Türkiye 6 Şubat Pazartesi günü 1939 Erzincan depreminden bu yana en şiddetli depremi yaşarken bu felaketten doğrudan etkilenen 10 ilimizde (Kahramanmaraş, Kilis, Diyarbakır, Adana, Osmaniye, Gaziantep, Şanlıurfa, Adıyaman, Malatya ve Hatay) hayatını kaybedenlerin ve yaralananların sayısı ile yıkılan ve ağır hasar gören bina ve tesislerin adedi hızlı artışını koruyor. Depremlerde hayatını kaybedenlere Allah’tan rahmet, yakınlarına baş sağlığı ve yaralılara acil şifalar diliyorum. Şu aşamada çok erken ve sevimsiz göründüğünü biliyorum, ama felaketin Türkiye ekonomisine olası etkilerine kısaca değinmek gerekiyor. Bu doğrultuda, 1999’daki Marmara Depremi sonrasında yapılan çalışmaların özet sonuçlarına yer vermek ve bazı karşılaştırmalar yapmak faydalı olabilir.

Son nüfus istatistikleri depremden doğrudan 13.3 milyon civarı bir nüfusun (Türkiye toplam nüfusunun %15.6’sı) etkilendiğine işaret ediyor. Bu ise 1999 Marmara depreminin en çok zarara uğrattığı Sakarya, Yalova ve Kocaeli’nin o dönemde %7 olan payının çok üzerinde bulunuyor.

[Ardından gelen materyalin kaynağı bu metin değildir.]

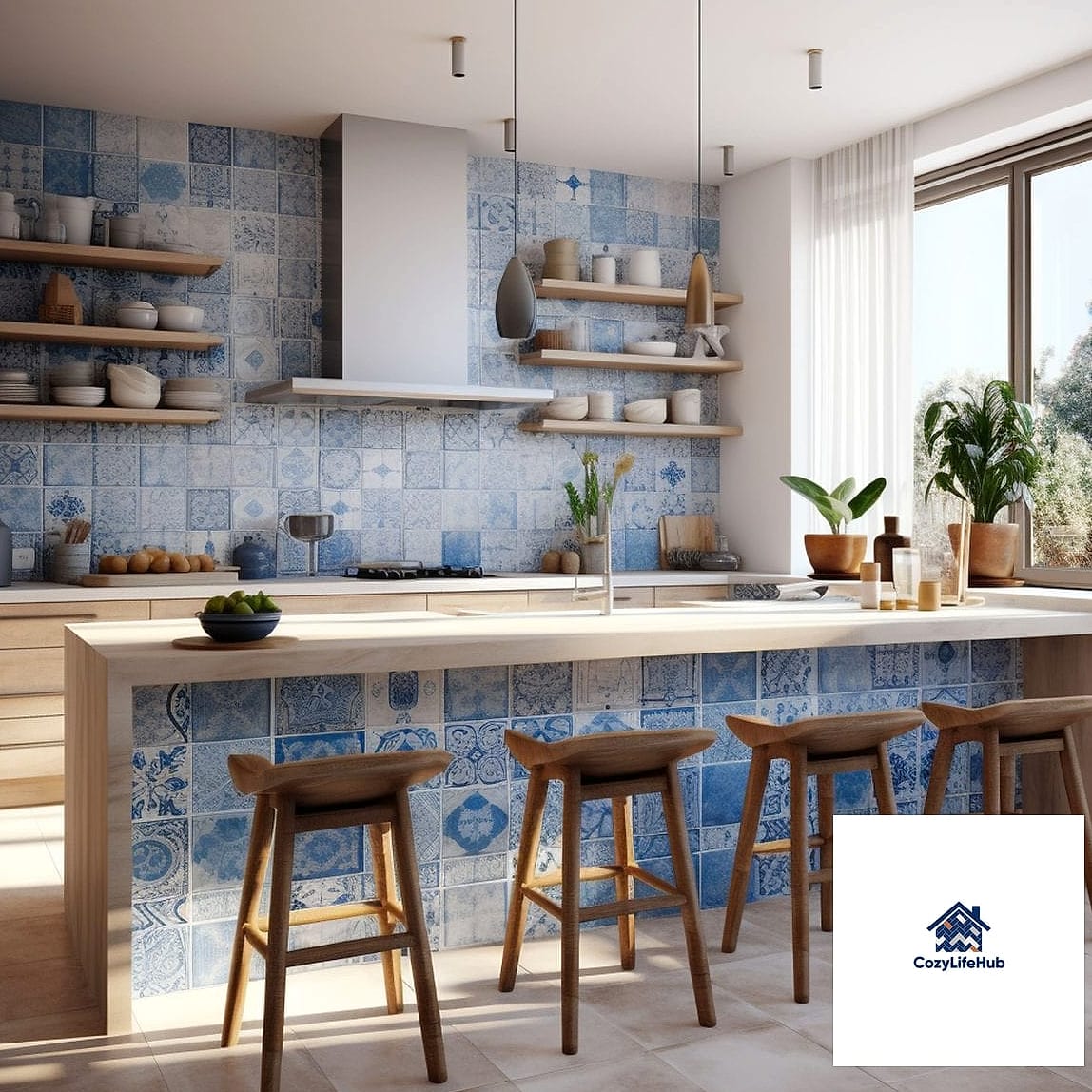 Blue and White Azulejo Accents
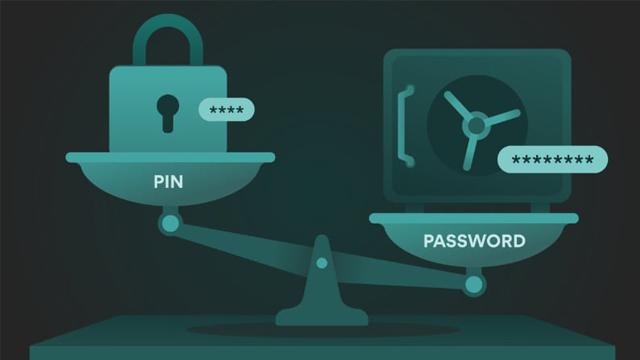 ما هو الفرق بين البن PIN والباسورد Password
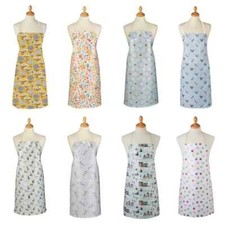 Easy Wipe PVC Coated Printed Apron Home Kitchen Work Wear Cookwear Aprons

Söz konusu 10 ilimizin 2021 yıl sonu itibarı ile Türkiye GSYH’sından aldıkları pay ise %9.3 düzeyinde bulunurken, Marmara depreminden etkilenen üç ilimizin aldığı pay son durumda %5.8 civarında ve o tarihte de benzer olduğu varsayılabilir.
1999 depremi sonrası yapılan çalışmalarda ekonomiye maliyetin; TÜSİAD’a göre 17 milyar dolar, dönemin Devlet Planlama Teşkilatı’na göre 15 ila 19 milyar dolar, Dünya Bankası’na göre ise 12 ila 17 milyar dolar olabileceği açıklanmıştı. Dünya Bankası’nın söz konusu çalışmasına bu bağlantıdan ulaşılabiliyor. Söz konusu çalışmada, konut, altyapı, yollar, enerji, telekomünikasyon gibi altyapı stoku için doğrudan maliyetin milli gelirin %1.5-3.3 aralığı düzeyinde olabileceği, milli geliri ilgili yılda %0.6-1.0 aralığında aşağı çekebileceği, bütçe açığını artırıcı etkisinin GSYH’ya oranla %0.9-1.1 ve cari açığı artırıcı (yıkım sonrası hızlanacak yeniden yapım çalışmaları nedeniyle) etkisinin %0.5 düzeyinde olabileceği sonuçlarına varılmıştı. Tahmin aralıklarının üst sınırları toplandığında ise milli gelire oranla %5.9 değerine ulaşılıyordu. Bugünkü GSYH düzeyi ile bu değer yaklaşık 52 milyar dolar karşılığında oluyor. Buna karşılık, son felaketin konut ve altyapı gibi alanlarda Marmara depremine göre daha büyük etkide bulunması olası görünürken, üretim ve dolayısı ile milli gelir kaybının diğer bölgelerde gözlenecek ilave üretim artışı ile daha sınırlı kalabileceği söylenebilir. Bütçe ve cari açık etkileri ise birbiri ile bağlantılı seyredecek ve ekonomi yönetiminin para ve maliye politikasında bu gelişme sonrası vereceği tepkiye bağlı olacağından, risklerin yönü konusunda sağlıklı değerlendirme yapmak şu aşamada zor görünmektedir.